WHAT THE TASK ASKS: In the data below, one line contains "130 - 9ct gold" and a later one contains "A white gravy". Print both, with every line between them, exactly and alone.

LISTED RECORDS:
◆ ◆ ◆ ◆
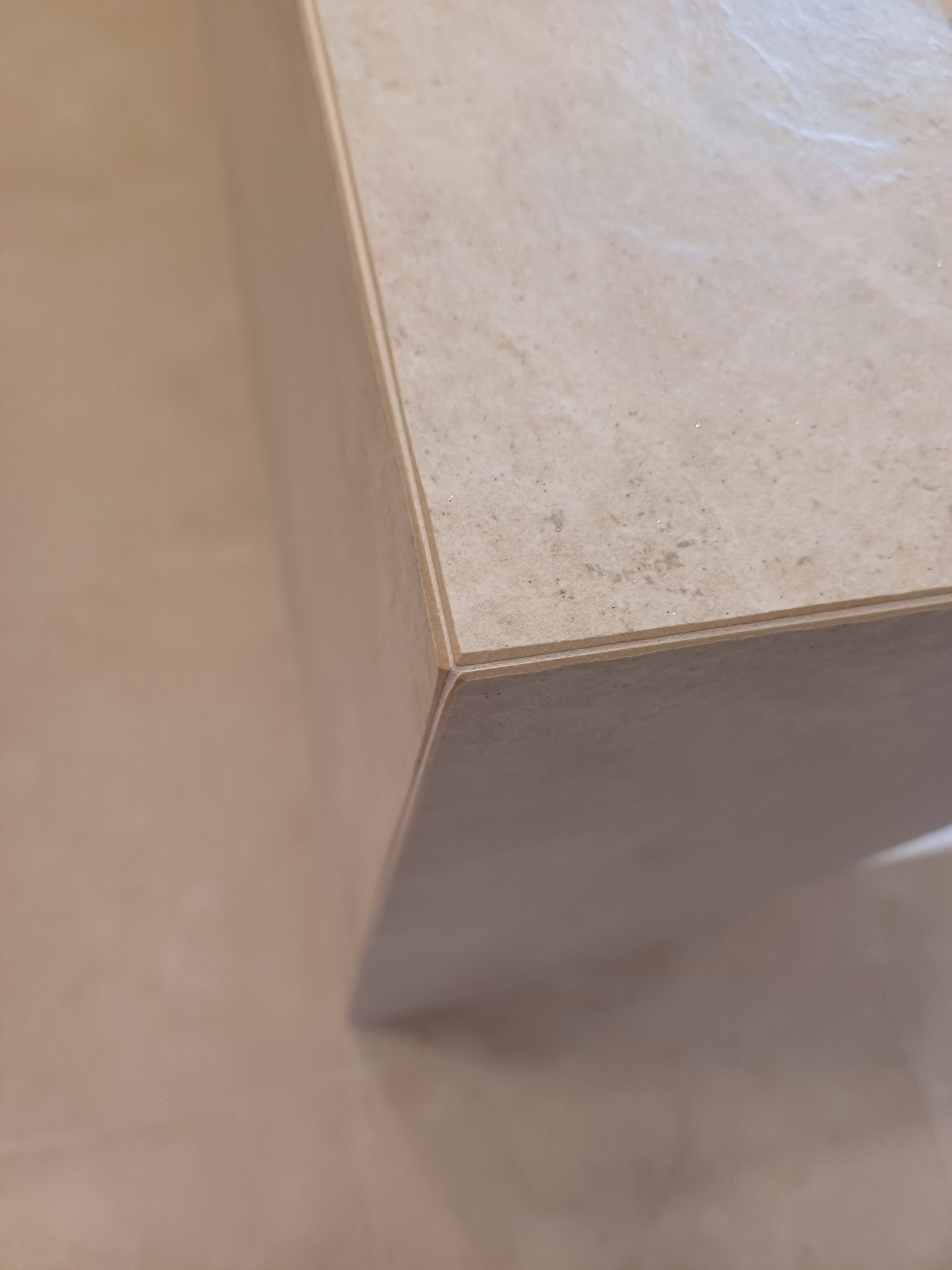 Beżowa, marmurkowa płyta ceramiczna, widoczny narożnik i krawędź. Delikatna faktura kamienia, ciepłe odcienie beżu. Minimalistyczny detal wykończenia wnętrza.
◆ ◆ ◆ ◆
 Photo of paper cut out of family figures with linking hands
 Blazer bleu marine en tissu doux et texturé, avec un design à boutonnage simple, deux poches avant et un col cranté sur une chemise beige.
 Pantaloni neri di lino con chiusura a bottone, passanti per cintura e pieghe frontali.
◆ ◆ ◆ ◆
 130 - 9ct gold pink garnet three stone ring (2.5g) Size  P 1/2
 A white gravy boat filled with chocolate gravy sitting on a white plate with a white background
◆ ◆ ◆ ◆
PROBLEM SOLUTION:
 130 - 9ct gold pink garnet three stone ring (2.5g) Size  P 1/2
 A white gravy boat filled with chocolate gravy sitting on a white plate with a white background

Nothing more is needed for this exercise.